FRANCISCO FLORES, Plaintiff and Appellant, v. CITY OF SOUTH GATE et al., Defendants and Respondents.
Court of Appeals of California, Second District, Division One.
Filed May 25, 2012.
Nicholas Weimer for Plaintiff and Appellant Francisco Flores.
Alvarado Smith and Raul F. Salinas for Defendants and Respondents City of South Gate and Angel Colon.
No appearance for Defendant and Respondent Tweedy Mile Association.
NOT TO BE PUBLISHED IN THE OFFICIAL REPORTS
Francisco Flores appeals from the judgment dismissing his complaint after the court sustained defendants' demurrers without leave to amend. We reverse as to the cause of action for violation of civil rights and otherwise affirm.
Construed liberally (Code Civ. Proc., § 452), Flores's second amended complaint alleges in relevant part:
A. Violation of Civil Rights (42 U.S.C. § 1983).
Flores is the owner of Nicky's Soccer Center in the defendant City of South Gate. Defendant Angel Colon is the owner of a competing business in the city and is a member of the city planning commission.

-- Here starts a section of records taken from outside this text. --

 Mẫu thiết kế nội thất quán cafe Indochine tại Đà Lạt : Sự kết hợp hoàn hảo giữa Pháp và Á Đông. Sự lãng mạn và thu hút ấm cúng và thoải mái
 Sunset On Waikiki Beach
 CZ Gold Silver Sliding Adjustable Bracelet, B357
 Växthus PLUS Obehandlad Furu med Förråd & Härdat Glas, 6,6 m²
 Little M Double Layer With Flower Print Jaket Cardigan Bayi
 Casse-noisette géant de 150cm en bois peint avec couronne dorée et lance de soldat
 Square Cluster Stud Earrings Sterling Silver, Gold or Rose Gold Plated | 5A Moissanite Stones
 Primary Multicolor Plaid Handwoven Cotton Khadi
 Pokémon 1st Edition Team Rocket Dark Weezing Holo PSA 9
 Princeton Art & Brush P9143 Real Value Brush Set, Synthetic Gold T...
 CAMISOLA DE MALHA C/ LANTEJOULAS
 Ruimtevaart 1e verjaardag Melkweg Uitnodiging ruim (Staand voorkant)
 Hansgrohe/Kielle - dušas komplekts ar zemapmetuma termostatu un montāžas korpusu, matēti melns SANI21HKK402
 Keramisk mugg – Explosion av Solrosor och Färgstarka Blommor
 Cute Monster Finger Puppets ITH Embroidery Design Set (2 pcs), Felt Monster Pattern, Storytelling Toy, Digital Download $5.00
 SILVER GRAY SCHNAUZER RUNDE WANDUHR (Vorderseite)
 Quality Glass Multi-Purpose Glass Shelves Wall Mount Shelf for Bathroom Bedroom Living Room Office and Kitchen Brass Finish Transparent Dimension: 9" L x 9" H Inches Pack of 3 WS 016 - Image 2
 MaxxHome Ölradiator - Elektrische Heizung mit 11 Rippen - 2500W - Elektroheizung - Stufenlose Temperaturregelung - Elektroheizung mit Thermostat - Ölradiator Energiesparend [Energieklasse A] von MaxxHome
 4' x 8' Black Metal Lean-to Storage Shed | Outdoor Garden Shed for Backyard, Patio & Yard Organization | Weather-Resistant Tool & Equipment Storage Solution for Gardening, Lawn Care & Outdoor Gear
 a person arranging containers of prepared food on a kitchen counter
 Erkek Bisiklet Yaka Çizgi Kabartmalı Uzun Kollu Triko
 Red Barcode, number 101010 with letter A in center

In February 2010, the City cited Flores for painting the front of his store blue and gold in violation of a city ordinance specifying that the colors on commercial buildings be "earth tones and brown." After receiving the citation Flores sought a variance from the city planning commission and was denied. At the hearing on the variance "defendant Colon informed plaintiff that `he was not going to allow plaintiff to have the variance.'" In May 2010, Flores repainted his store to comply with the city ordinance.
Flores later learned that several other commercial buildings in the city did not comply with the required color scheme including the blue building that houses defendant Colon's competing soccer business.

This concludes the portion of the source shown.